Back to the thread - can anyone speak to the land costs for this project vs. doing it elsewhere? I honestly don't think this is a great location because it's not really near anything like jobs or schools, except for low-level service jobs on Union St or Lombard Streets. How is the transit connection to downtown?
Posted by: katdip at September 16, 2011 10:29 AM
Chestnut has the 30x to downtown - 20 min door to door. Lombard has the 28, 43, 76, 91. None of it is speedy to get anywhere else. There's jobs located in the Presidio, but they are all skilled white collar jobs requiring a college degree (LucasArts, etc). As for schools, Marina Middle is 6 minutes by bus but the nearest high school is a 30 minute commute. No colleges nearby like SF State or City College (both 30 min away). The Marina Safeway is nearby and Lombard has a few affordable restaurants left (Homeplate used to make amazing biscuits).

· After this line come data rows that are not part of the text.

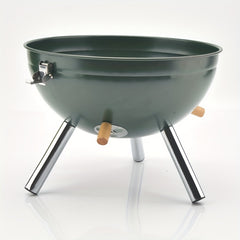 Portable Charcoal Grill BBQ Kettle-Tabletop Outdoor Barbecue Smoker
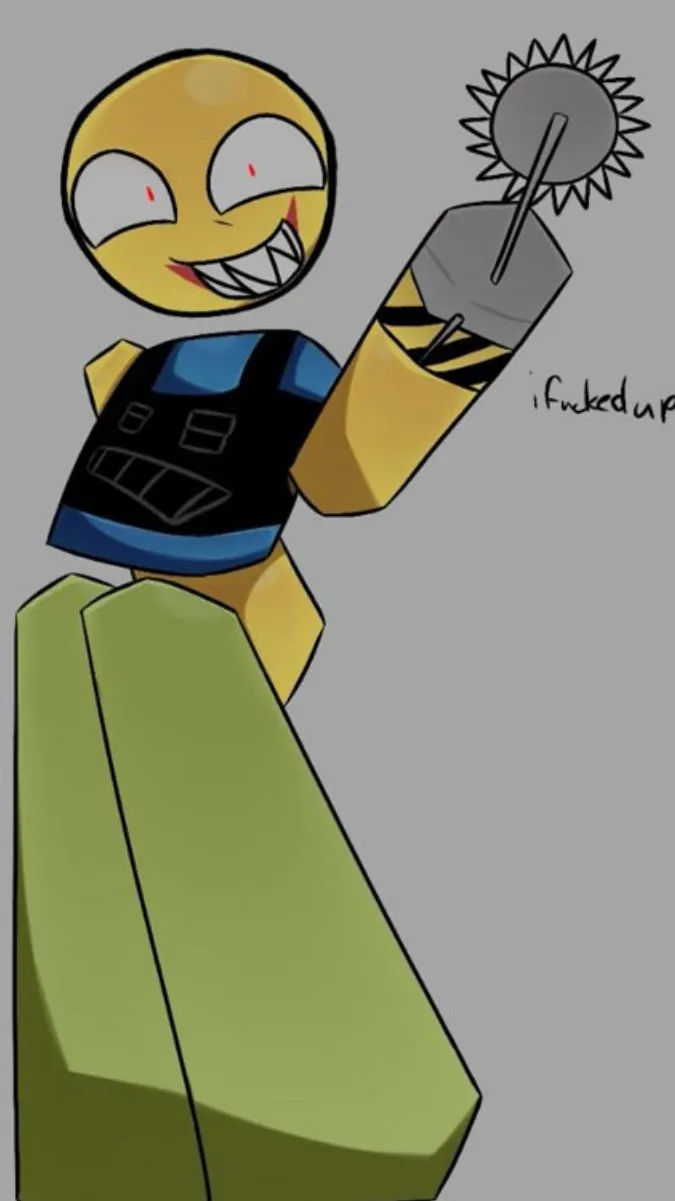 ai character: Sawnoob background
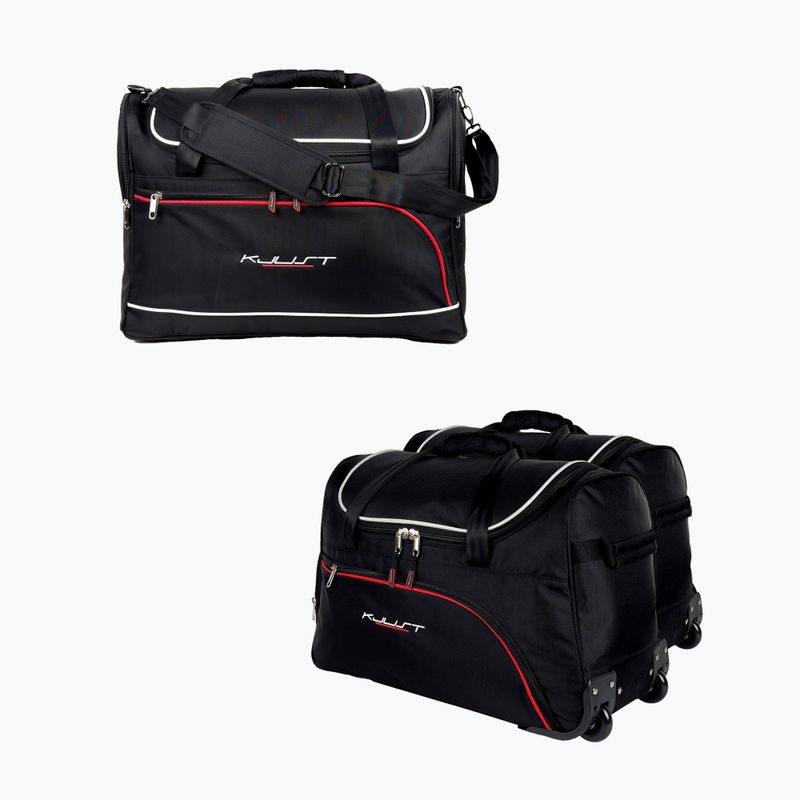 Gepäckträgertaschen-Set KJUST Kia Niro 2016-2022 3 Stk black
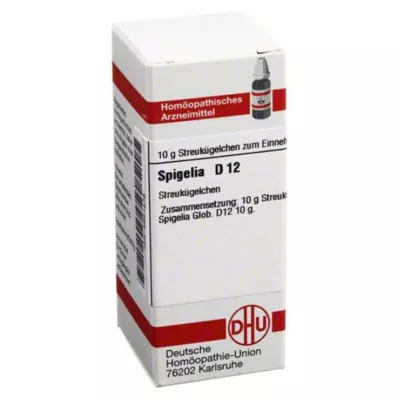 SPIGELIA D 12 guľôčok, 10 g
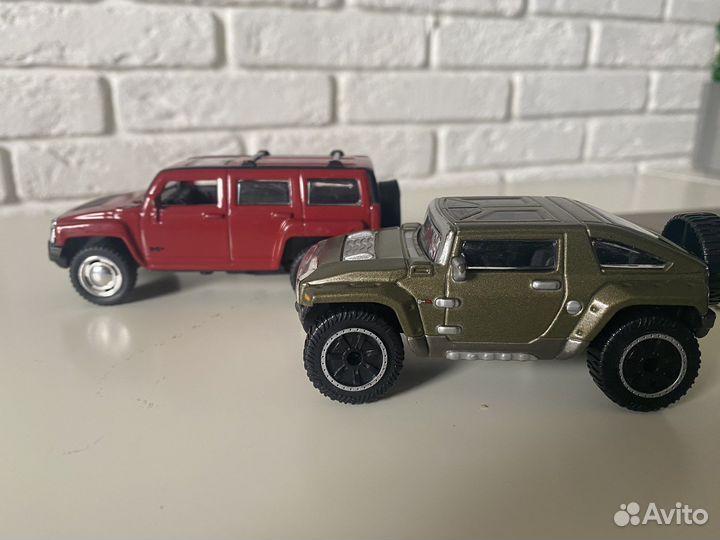 Модели автомобилей 1:43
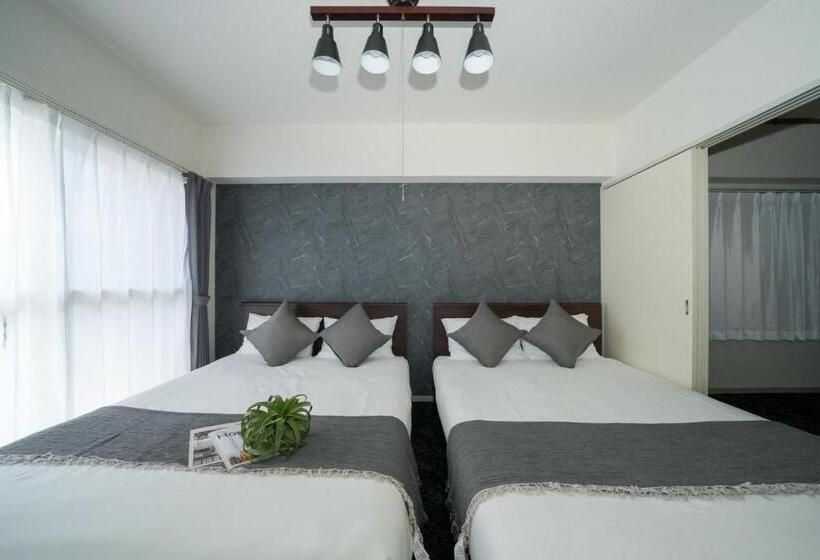 דירת שלושה חדרים, 88 Matsui Building Sapporo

Whether transitional youth will feel comfortable in a neighborhood comprised of mostly bars and restaurants catering to people who make 200k plus a year is another story - I would imagine it would be pretty alienating.
Posted by: 94123 Native at September 16, 2011 12:22 PM
"It's "disgusting" that I have friends that seek to improve conditions for poor people rather than lining their own pockets?"
yes, I have to wash myself everytime I see something like this
Posted by: wrath at September 16, 2011 4:49 PM
"for all you know FormerAptBroker just randomly says stupid things"
salt grain --- > take
Posted by: [anon.ed] at September 17, 2011 7:03 AM
Actually, as an employer, they will have a VERY EASY time finding jobs from that location. The bars, restaurants, motels and retail that are all over that area likely use bartenders, clerks and the like from far away. The fact that they live right there makes them more dependable and more desirable than just about anyone else.
Yes, if they aren't out of high school or want to go straight to college, they won't locate here. But if they want to go into the working world, which of course, many people do, there will be plenty of options for them right there (Lucas needs technicians, assistants, secretaries, an the like) and they will be seen as more desirable because they live in the area. That would be a big plus for me, speaking as an employer.
There will be such a big demand for them, I doubt they'll have TIME to get into much trouble, though some of them clearly will.